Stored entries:
◆ ◆ ◆ ◆

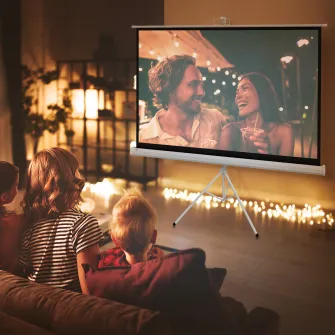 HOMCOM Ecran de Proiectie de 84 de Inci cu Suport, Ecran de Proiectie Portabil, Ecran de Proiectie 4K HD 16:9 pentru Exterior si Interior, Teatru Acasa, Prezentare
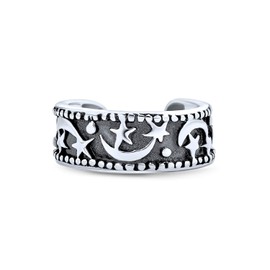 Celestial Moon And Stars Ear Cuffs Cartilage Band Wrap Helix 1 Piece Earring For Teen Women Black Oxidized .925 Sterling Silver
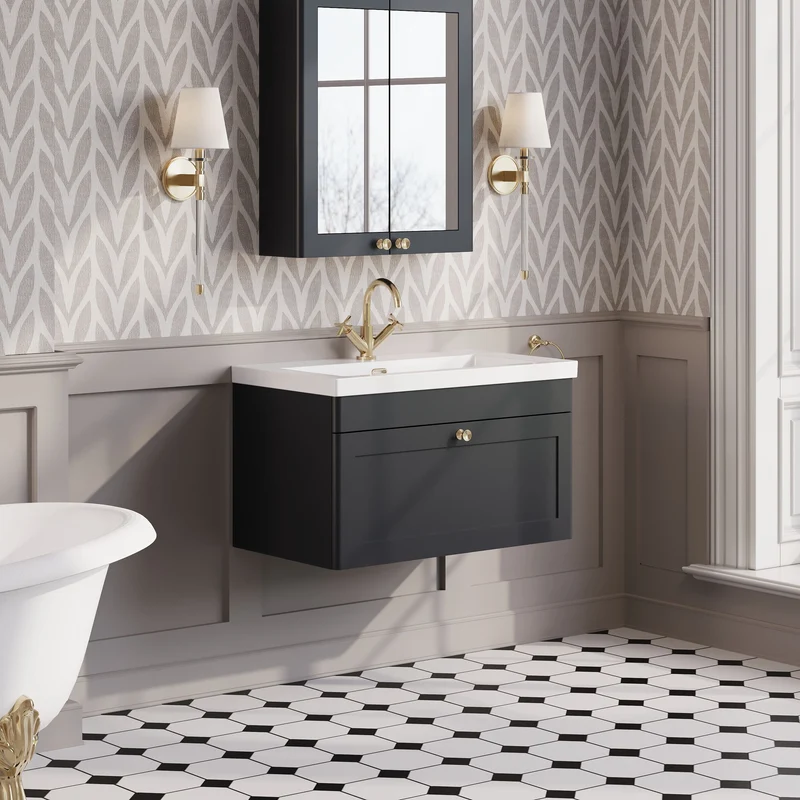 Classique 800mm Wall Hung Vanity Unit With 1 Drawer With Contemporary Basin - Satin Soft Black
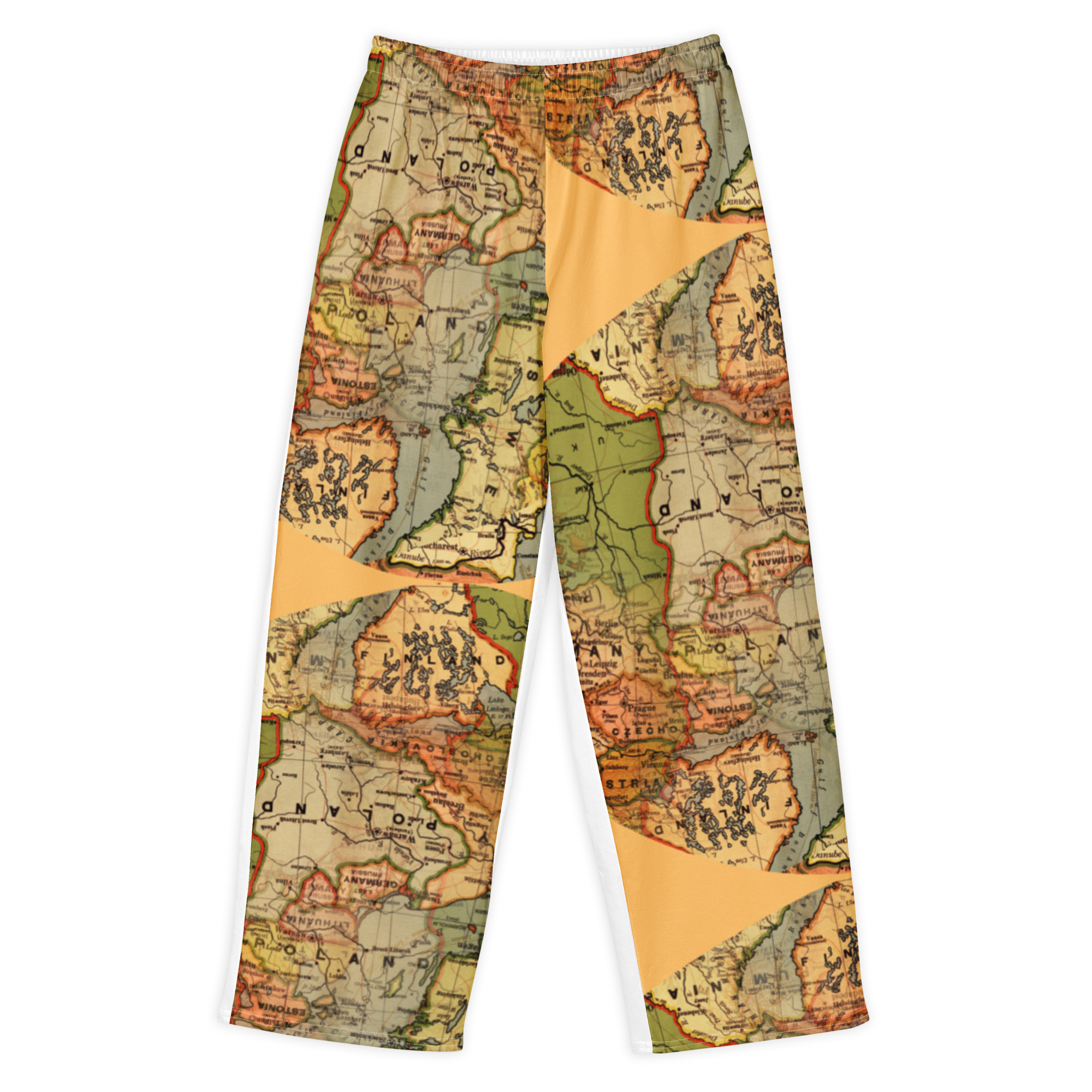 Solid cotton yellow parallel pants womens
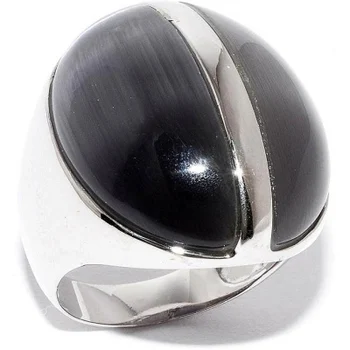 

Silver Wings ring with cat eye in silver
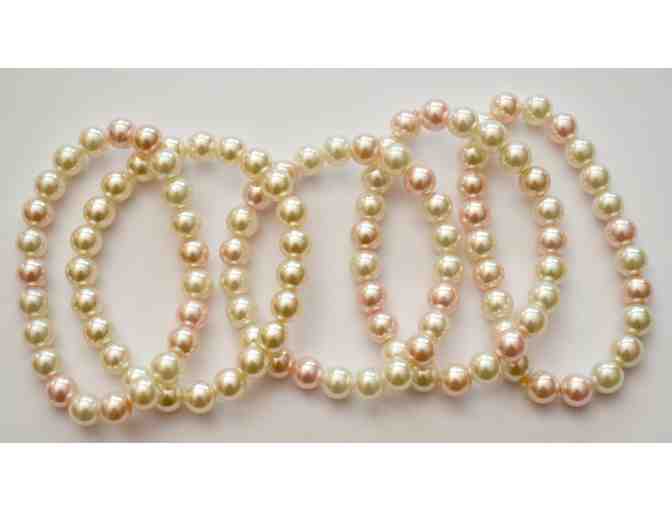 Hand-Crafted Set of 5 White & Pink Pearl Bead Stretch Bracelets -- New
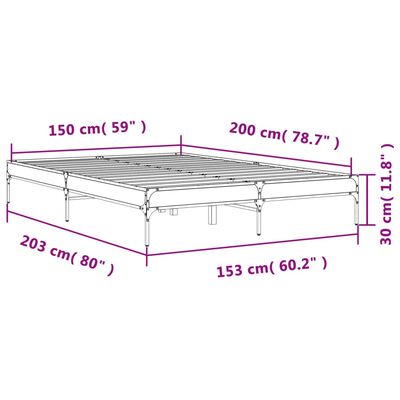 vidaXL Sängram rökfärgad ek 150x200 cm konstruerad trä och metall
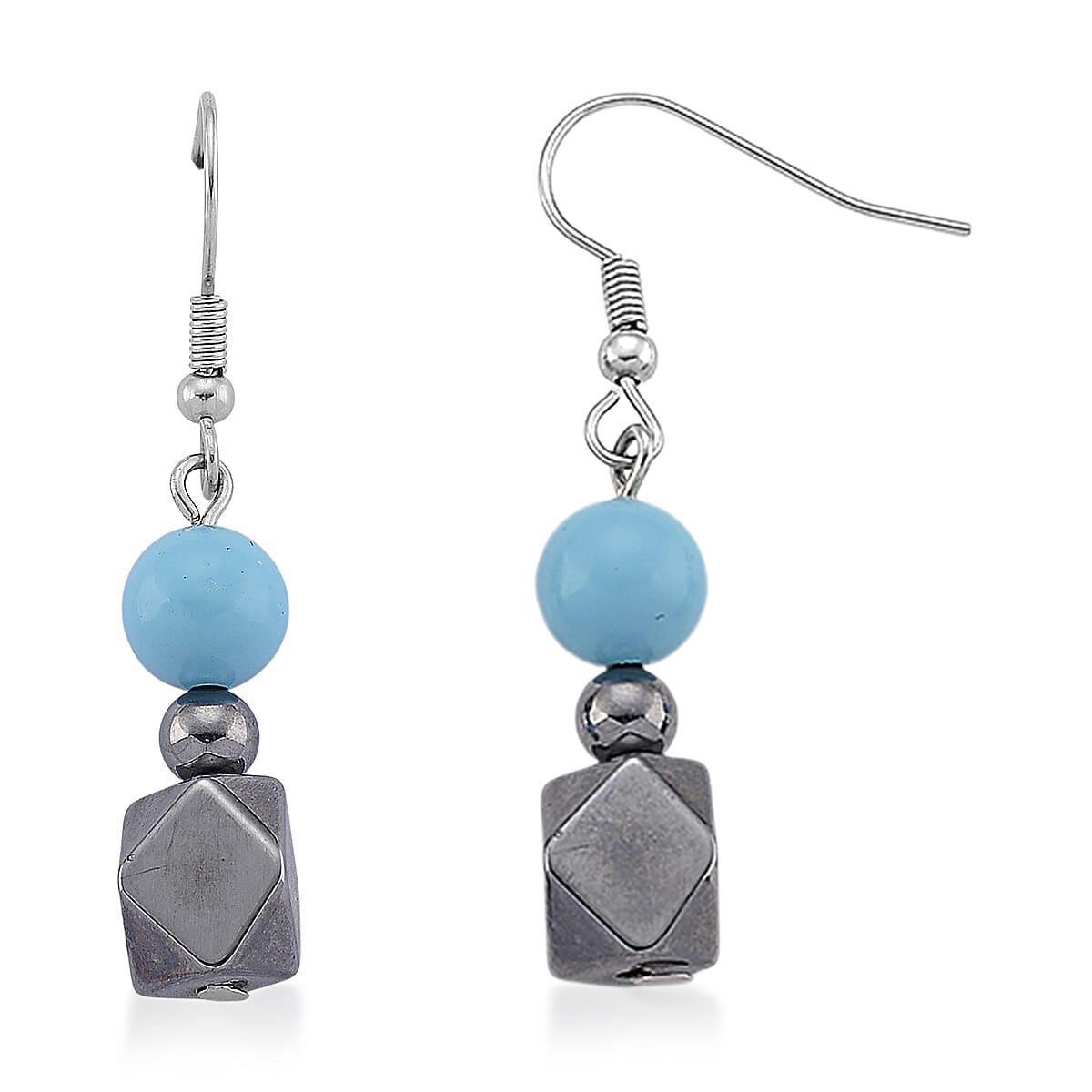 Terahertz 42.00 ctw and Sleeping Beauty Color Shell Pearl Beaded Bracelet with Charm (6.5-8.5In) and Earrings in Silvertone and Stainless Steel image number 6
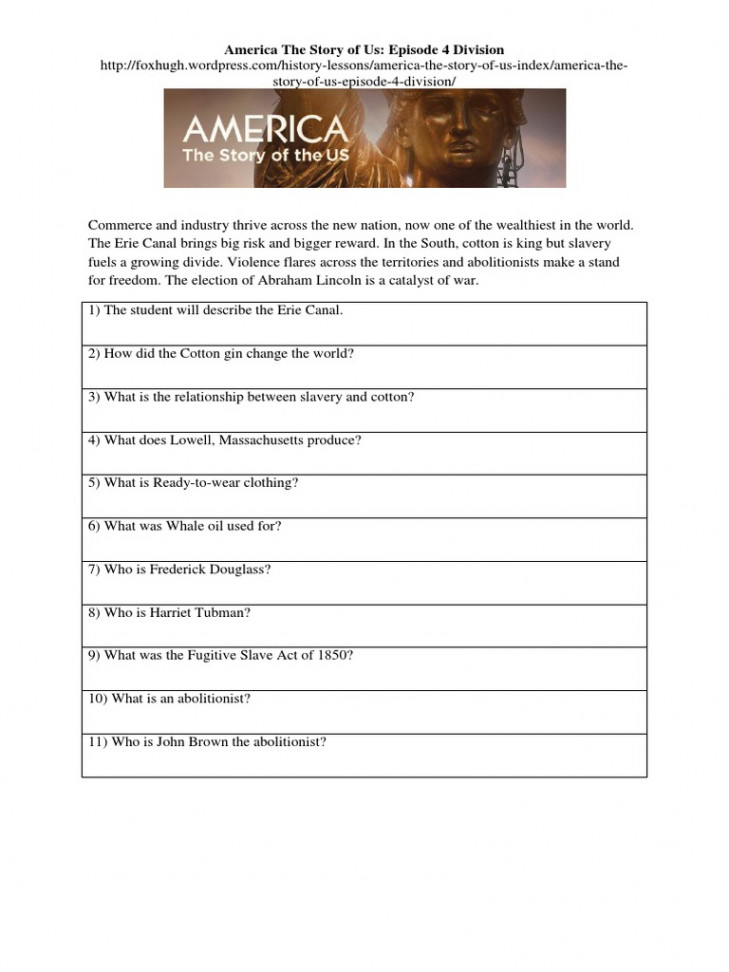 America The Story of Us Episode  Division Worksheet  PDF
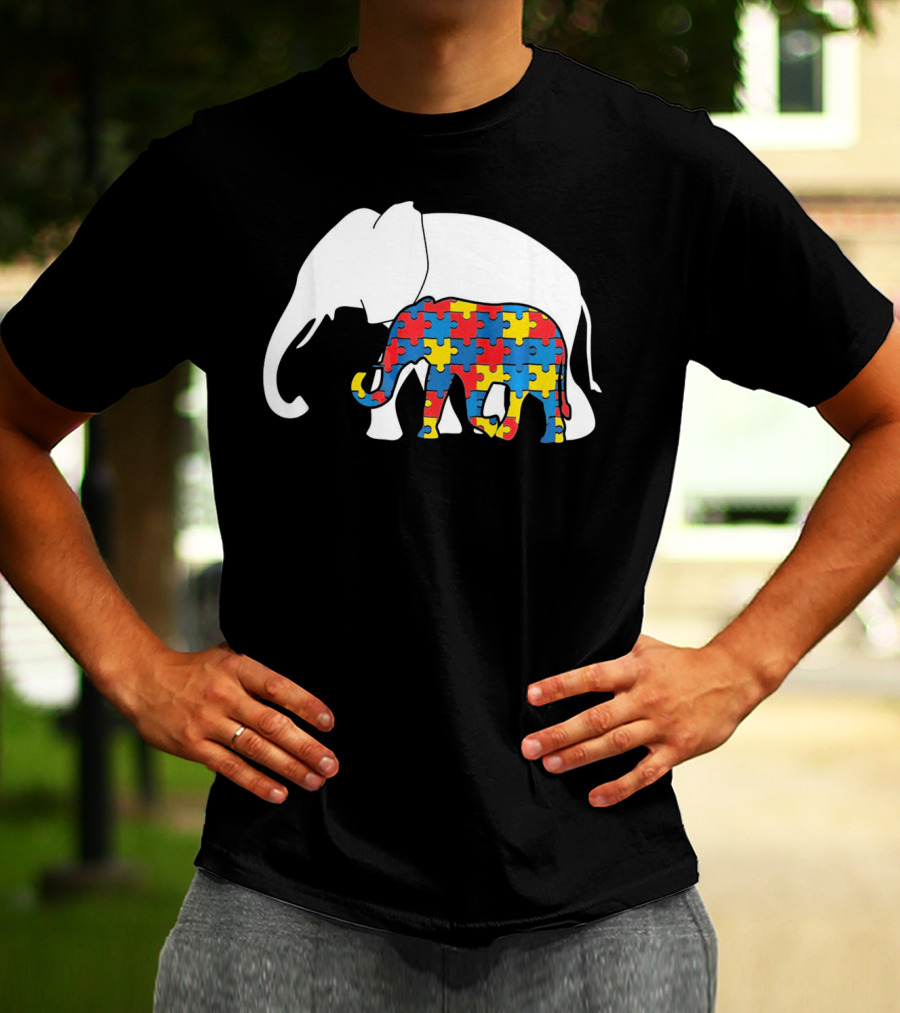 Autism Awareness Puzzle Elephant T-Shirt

◆ ◆ ◆ ◆

# Exercise details
Repeat all the data as it stands, dropping any images it holds.

# Response
 HOMCOM Ecran de Proiectie de 84 de Inci cu Suport, Ecran de Proiectie Portabil, Ecran de Proiectie 4K HD 16:9 pentru Exterior si Interior, Teatru Acasa, Prezentare
 Celestial Moon And Stars Ear Cuffs Cartilage Band Wrap Helix 1 Piece Earring For Teen Women Black Oxidized .925 Sterling Silver
 Classique 800mm Wall Hung Vanity Unit With 1 Drawer With Contemporary Basin - Satin Soft Black
 Solid cotton yellow parallel pants womens

Silver Wings ring with cat eye in silver
 Hand-Crafted Set of 5 White & Pink Pearl Bead Stretch Bracelets -- New
 vidaXL Sängram rökfärgad ek 150x200 cm konstruerad trä och metall
 Terahertz 42.00 ctw and Sleeping Beauty Color Shell Pearl Beaded Bracelet with Charm (6.5-8.5In) and Earrings in Silvertone and Stainless Steel image number 6
 America The Story of Us Episode  Division Worksheet  PDF
 Autism Awareness Puzzle Elephant T-Shirt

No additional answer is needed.